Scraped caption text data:
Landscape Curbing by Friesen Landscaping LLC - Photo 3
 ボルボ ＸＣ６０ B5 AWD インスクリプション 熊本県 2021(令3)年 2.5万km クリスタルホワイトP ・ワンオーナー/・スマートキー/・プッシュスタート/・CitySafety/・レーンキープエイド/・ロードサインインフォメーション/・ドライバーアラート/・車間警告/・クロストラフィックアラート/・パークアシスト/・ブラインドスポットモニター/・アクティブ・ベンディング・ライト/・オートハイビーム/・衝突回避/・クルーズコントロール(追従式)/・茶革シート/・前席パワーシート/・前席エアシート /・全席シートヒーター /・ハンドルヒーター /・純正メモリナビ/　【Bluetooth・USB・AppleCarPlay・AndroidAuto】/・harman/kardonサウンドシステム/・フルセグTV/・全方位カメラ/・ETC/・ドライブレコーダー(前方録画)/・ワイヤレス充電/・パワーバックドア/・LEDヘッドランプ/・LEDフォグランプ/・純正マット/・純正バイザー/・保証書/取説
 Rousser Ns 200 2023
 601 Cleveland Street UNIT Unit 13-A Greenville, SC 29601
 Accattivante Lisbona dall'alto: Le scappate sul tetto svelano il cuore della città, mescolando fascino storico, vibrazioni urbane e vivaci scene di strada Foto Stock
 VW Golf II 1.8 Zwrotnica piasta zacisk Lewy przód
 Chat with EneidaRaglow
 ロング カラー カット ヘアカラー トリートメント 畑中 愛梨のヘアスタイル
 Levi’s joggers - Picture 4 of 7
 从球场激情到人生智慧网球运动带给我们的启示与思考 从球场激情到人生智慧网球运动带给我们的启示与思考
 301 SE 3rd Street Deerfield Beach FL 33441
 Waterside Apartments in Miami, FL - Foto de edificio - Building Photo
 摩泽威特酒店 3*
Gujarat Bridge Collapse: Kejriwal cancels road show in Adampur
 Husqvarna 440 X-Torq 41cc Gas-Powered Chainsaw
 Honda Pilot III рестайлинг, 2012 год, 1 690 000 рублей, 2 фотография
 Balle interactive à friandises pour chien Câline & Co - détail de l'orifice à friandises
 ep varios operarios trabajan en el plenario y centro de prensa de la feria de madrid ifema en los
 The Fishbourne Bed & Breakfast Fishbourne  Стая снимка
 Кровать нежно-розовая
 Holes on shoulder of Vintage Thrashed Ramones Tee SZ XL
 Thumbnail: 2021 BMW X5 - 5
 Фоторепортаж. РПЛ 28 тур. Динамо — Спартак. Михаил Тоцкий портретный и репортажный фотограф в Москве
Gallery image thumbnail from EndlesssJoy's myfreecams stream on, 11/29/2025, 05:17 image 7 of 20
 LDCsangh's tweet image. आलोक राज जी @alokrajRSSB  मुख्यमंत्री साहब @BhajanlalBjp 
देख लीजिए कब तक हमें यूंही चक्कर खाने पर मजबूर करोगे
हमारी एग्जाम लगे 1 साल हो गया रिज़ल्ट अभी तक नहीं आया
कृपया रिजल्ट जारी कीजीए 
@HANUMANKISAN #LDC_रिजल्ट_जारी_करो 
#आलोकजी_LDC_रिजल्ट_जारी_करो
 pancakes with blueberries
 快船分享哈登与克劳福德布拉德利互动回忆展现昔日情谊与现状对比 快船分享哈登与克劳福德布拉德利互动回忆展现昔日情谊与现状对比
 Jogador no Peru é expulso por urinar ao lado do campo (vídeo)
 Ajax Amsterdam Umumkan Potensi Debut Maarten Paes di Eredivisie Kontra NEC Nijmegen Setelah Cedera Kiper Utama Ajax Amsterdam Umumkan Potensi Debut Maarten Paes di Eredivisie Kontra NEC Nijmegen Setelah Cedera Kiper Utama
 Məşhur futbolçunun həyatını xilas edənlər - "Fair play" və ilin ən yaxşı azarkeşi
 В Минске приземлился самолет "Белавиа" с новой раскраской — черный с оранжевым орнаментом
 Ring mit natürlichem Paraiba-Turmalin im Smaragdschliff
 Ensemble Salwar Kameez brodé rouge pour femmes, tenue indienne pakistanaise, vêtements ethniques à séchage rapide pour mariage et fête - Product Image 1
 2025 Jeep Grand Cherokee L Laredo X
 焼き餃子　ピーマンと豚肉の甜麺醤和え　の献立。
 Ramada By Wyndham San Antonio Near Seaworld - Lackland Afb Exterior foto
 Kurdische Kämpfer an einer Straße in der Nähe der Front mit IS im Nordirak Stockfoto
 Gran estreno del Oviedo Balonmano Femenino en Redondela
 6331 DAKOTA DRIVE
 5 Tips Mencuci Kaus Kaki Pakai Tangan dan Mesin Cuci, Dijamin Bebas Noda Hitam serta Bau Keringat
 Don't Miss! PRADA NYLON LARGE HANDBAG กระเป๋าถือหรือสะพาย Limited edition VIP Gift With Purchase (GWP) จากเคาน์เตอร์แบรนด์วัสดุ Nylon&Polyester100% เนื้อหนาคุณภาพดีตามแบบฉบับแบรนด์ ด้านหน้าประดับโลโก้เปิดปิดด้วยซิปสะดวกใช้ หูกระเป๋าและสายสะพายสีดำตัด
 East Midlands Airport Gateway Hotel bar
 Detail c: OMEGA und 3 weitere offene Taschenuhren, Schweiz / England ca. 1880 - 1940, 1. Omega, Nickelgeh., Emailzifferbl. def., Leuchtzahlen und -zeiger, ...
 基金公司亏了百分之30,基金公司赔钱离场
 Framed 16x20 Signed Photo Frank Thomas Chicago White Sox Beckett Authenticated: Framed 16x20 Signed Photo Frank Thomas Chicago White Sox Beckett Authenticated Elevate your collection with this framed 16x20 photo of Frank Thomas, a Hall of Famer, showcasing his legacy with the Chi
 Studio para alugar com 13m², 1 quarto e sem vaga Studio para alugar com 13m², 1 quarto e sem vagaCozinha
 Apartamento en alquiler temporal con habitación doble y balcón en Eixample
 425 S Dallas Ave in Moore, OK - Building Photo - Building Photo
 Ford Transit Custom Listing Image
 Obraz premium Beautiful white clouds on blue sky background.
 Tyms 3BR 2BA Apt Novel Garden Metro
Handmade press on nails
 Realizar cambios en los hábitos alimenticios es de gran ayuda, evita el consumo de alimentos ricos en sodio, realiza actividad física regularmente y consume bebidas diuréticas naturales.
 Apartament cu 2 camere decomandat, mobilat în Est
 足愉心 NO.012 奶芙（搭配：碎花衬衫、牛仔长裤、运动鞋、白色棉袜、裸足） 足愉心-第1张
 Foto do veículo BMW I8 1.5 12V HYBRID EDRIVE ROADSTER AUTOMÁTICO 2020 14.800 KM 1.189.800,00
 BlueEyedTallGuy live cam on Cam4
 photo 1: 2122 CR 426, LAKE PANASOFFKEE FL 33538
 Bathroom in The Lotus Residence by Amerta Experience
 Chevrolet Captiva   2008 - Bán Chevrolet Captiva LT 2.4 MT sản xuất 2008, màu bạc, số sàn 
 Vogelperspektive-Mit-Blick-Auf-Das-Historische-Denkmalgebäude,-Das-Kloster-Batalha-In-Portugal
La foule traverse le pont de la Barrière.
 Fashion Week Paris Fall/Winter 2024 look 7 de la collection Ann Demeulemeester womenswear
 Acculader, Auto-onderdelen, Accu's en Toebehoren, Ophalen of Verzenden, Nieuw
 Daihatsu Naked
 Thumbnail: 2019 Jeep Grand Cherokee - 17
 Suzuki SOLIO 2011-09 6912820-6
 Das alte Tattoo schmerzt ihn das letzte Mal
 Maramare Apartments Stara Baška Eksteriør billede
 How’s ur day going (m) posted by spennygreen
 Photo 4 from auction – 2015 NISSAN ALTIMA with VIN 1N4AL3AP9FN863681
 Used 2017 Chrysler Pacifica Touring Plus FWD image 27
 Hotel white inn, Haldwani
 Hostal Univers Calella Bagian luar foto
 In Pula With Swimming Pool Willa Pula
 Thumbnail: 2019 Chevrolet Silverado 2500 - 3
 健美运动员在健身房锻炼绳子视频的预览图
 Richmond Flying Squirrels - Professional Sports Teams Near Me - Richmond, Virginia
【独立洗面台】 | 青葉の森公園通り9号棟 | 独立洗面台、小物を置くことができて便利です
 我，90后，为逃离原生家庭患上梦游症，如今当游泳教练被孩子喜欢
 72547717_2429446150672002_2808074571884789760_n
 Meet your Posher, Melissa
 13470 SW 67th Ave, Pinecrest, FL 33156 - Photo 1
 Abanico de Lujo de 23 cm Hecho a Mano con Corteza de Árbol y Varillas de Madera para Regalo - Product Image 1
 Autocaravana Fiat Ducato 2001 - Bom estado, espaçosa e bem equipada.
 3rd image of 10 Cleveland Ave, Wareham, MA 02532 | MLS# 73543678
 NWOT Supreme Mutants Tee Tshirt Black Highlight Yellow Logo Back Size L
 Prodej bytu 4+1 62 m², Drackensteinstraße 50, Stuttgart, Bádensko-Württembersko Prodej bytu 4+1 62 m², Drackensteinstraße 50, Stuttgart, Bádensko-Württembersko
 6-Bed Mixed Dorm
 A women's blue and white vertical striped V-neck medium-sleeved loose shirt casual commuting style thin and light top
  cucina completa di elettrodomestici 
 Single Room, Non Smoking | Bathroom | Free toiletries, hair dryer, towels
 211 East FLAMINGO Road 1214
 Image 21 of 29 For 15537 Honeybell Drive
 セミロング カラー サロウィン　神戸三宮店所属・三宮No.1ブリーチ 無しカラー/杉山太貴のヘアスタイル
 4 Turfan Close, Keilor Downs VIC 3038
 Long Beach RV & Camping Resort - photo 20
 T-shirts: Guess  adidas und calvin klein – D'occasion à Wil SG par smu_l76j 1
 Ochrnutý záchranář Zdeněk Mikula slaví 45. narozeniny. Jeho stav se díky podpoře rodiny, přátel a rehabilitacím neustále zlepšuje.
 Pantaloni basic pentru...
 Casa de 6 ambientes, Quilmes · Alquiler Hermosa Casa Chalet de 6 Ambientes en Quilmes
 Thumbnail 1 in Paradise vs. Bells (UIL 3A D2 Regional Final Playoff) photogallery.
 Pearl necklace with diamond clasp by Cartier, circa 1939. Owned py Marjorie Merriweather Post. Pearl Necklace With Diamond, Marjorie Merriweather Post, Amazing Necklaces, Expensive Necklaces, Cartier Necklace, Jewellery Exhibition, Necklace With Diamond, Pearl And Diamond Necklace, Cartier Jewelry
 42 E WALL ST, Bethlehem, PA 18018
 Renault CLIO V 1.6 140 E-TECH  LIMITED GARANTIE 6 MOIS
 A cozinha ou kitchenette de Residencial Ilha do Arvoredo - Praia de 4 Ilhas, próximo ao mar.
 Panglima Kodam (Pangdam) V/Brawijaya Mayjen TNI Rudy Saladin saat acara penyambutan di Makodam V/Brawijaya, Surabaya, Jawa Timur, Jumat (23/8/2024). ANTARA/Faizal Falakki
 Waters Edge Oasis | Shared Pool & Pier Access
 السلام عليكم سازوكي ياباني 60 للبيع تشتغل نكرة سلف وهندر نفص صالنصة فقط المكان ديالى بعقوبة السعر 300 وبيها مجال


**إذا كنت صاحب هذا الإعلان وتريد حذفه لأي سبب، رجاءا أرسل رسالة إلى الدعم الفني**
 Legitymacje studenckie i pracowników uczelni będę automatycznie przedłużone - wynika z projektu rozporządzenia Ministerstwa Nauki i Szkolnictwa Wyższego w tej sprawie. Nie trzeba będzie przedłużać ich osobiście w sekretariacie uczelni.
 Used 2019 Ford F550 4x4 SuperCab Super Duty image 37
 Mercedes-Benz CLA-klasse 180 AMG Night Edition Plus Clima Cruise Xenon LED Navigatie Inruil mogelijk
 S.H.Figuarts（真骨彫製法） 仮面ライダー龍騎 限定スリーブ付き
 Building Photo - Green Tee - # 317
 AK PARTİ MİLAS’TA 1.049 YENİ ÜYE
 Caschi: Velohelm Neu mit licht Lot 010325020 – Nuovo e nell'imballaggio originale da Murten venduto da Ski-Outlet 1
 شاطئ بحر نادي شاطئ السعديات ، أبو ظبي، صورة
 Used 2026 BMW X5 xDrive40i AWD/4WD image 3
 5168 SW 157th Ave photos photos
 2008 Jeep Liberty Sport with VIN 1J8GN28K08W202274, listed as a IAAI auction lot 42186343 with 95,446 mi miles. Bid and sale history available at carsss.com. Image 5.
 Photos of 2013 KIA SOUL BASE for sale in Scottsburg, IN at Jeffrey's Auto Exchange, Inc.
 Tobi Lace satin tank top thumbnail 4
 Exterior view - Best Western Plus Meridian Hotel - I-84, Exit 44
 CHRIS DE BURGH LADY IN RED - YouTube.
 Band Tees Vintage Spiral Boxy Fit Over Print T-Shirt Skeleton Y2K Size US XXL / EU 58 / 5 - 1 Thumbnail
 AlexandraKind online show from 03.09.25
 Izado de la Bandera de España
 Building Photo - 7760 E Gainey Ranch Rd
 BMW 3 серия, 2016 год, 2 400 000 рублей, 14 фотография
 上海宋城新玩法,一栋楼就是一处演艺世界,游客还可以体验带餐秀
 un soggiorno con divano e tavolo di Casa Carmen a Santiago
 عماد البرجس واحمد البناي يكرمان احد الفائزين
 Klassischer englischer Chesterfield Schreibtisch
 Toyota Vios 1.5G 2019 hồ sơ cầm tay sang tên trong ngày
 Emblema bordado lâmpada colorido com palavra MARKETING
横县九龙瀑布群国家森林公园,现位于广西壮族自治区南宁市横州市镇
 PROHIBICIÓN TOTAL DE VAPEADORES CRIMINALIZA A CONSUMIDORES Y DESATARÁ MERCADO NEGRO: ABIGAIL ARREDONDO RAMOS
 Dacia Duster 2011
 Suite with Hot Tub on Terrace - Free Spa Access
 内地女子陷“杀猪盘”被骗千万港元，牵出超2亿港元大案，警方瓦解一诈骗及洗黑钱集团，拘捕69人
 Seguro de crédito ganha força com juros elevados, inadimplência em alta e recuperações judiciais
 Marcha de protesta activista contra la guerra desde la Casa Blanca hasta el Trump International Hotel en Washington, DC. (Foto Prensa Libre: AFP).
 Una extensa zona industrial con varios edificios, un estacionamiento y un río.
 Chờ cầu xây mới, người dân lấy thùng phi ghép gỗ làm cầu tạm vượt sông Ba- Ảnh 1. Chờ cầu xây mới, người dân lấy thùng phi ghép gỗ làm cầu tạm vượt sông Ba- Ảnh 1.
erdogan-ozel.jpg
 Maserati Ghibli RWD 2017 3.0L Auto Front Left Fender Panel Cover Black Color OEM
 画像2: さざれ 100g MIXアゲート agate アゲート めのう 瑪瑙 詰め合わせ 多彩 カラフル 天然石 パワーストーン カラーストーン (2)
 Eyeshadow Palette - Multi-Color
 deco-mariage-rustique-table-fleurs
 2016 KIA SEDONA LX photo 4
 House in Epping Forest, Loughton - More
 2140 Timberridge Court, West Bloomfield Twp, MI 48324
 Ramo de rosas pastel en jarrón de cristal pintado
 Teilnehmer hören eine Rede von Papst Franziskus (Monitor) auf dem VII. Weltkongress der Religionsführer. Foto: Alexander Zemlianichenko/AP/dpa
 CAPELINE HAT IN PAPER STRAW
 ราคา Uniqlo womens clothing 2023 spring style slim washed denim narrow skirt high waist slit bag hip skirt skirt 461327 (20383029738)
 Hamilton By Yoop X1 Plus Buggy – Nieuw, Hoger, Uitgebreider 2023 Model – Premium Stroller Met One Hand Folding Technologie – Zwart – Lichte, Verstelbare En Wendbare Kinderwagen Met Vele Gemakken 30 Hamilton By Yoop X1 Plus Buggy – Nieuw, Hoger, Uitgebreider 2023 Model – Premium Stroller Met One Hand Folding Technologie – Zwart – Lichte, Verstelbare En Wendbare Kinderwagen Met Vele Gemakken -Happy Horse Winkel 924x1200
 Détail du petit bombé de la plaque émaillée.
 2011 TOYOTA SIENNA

## TASK DETAILS
Scan the entries above for the word "Apartments", then copy every line in which it occurs.

## YOUR RESPONSE
 Waterside Apartments in Miami, FL - Foto de edificio - Building Photo
 Maramare Apartments Stara Baška Eksteriør billede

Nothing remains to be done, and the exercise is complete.